I don't know of any fish that gives as much pleasure to as many fishermen as the ubiquitous striper. He may not be as dazzling as a bonefish or as much a roughneck as a snook, but he covers more ground than these fish do and so comes into contact with more people. There is nothing provincial about him, either. He can get along in fresh water just as well as he can in salt water, river water as well as ocean water, shallow water or deep water—it's all the same to him. People fish for him in boats, on banks, in the surf or by wading. They use trolling rods, boat rods, casting rods, spinning rods, fly rods and every kind of bait made—wood, plastic, feathered and live. And he survives them all. Praise the striper, I thought, looking at my four, the most democratic fish that swims.

By the time I reached the landing, the temperature had dropped sharply. A chill wind swept across the river. I climbed back into my clothes and walked home smelling of fish. That was six years ago. The sweater is still with me, as is the scent. Maybe nobody else can smell it, after tons of mothballs and innumerable dry cleanings, but I was putting the sweater in the car this morning, prior to setting off down Route 33, and caught a whiff of it again, every bit as strong as that day I passed through a school of stripers.

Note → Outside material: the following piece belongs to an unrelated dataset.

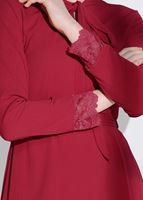 Tesettür giyim KIRMIZI DANTEL DETAYLI ELBİSE 2185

Stutts Creek, my destination, is one of many tidal creeks found along the Virginia side of the Chesapeake Bay. Itself a branch of the bay, it sprouts still other branches and ends up looking on a map like a tree that has fallen into the bay's marshy fringes. Once a waterway for crabbers and oystermen, it has become in recent years something of a playground as well, conveying many more svelte Chris-Crafts than lumbering work-boats. But like playgrounds everywhere, it is crowded in the summer and all but empty during the winter.

When I fish Stutts Creek I always stay with a man who was raised on it, Norris Richardson, who runs Pine Hall, an inn for fishermen and exhausted city dwellers who drive down on the weekends from Richmond. Pine Hall is a large white house overlooking the creek from a summit of green grass. Norris runs the place as though he were not really trying to, and as a result it is one of the best-run places I know of. You have the comfortable feeling that everyone is there to relax, even the help. Norris is a small, distracted man with an inexhaustible supply of country stories, little pastoral romances about coons and possums and what happened to old Uncle So-and-so when a pail of crabs turned over in his kitchen. Listen to enough of these tales and you forget all about Vietnam and overpopulation. I always like to hear one or two before setting off up the creek. They are like steppingstones to another world.